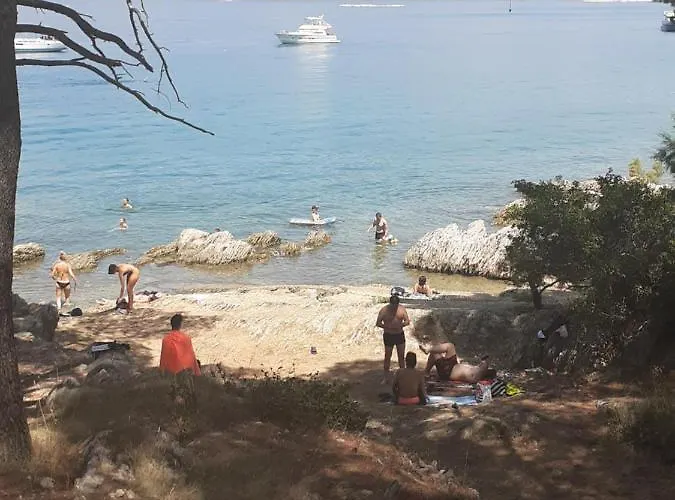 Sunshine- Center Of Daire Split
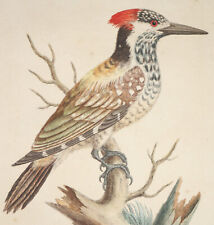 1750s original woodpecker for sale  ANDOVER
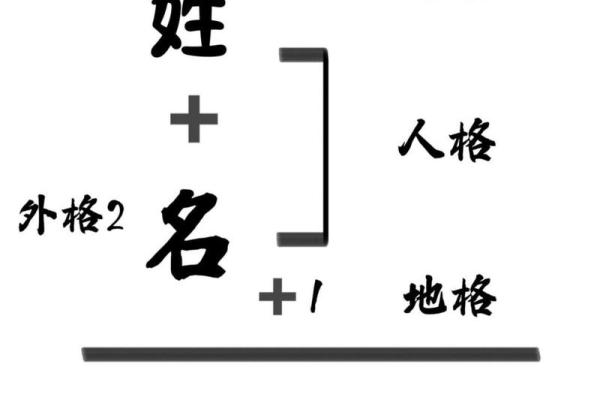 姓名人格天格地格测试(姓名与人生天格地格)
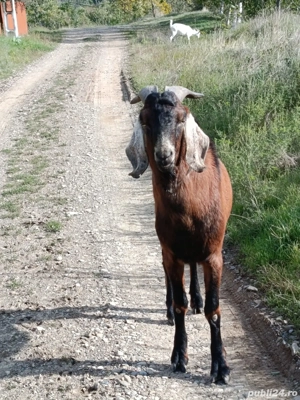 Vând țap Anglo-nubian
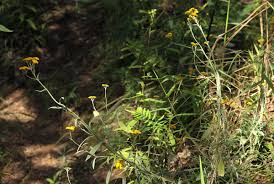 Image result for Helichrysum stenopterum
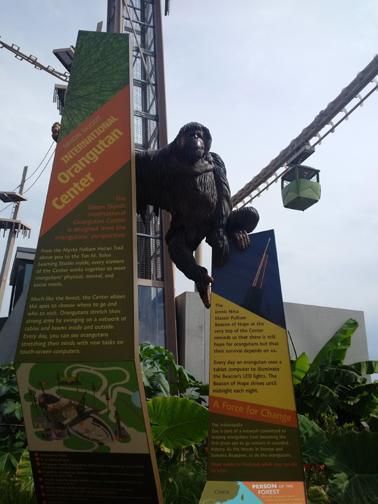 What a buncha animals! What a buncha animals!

# Work to be completed:
Pictures appear in the records above. Output everything except them, exactly.

# Exercise output:
 Sunshine- Center Of Daire Split
 1750s original woodpecker for sale  ANDOVER
 姓名人格天格地格测试(姓名与人生天格地格)
 Vând țap Anglo-nubian
 Image result for Helichrysum stenopterum
 What a buncha animals! What a buncha animals!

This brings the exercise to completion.